## EXERCISE DESCRIPTION
When you reach the line containing "Kia - Seltos - 2025" in the records below, start copying exactly, and stop once you have copied the line containing "common bracken".

## EXERCISE INPUTS
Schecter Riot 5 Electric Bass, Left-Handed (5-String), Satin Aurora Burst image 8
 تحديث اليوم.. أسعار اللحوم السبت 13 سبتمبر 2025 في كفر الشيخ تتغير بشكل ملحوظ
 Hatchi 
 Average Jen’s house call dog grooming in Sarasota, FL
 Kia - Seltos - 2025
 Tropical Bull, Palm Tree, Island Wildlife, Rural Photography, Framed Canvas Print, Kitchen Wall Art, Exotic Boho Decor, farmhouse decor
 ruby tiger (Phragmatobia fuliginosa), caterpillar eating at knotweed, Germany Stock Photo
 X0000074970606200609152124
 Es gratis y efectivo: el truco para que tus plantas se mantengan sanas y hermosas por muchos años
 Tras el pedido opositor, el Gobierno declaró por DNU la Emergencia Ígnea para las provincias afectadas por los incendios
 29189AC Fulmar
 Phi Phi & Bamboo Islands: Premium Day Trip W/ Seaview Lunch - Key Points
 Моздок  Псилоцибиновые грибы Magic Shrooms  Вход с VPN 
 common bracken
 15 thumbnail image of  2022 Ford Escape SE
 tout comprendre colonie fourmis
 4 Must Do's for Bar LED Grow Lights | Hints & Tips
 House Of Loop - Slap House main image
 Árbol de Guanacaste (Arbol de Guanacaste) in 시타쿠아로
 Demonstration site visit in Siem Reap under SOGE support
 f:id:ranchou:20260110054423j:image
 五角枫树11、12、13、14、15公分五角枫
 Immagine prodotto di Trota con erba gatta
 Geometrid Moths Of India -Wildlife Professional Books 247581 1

## RESPONSE TO THE EXERCISE
 Kia - Seltos - 2025
 Tropical Bull, Palm Tree, Island Wildlife, Rural Photography, Framed Canvas Print, Kitchen Wall Art, Exotic Boho Decor, farmhouse decor
 ruby tiger (Phragmatobia fuliginosa), caterpillar eating at knotweed, Germany Stock Photo
 X0000074970606200609152124
 Es gratis y efectivo: el truco para que tus plantas se mantengan sanas y hermosas por muchos años
 Tras el pedido opositor, el Gobierno declaró por DNU la Emergencia Ígnea para las provincias afectadas por los incendios
 29189AC Fulmar
 Phi Phi & Bamboo Islands: Premium Day Trip W/ Seaview Lunch - Key Points
 Моздок  Псилоцибиновые грибы Magic Shrooms  Вход с VPN 
 common bracken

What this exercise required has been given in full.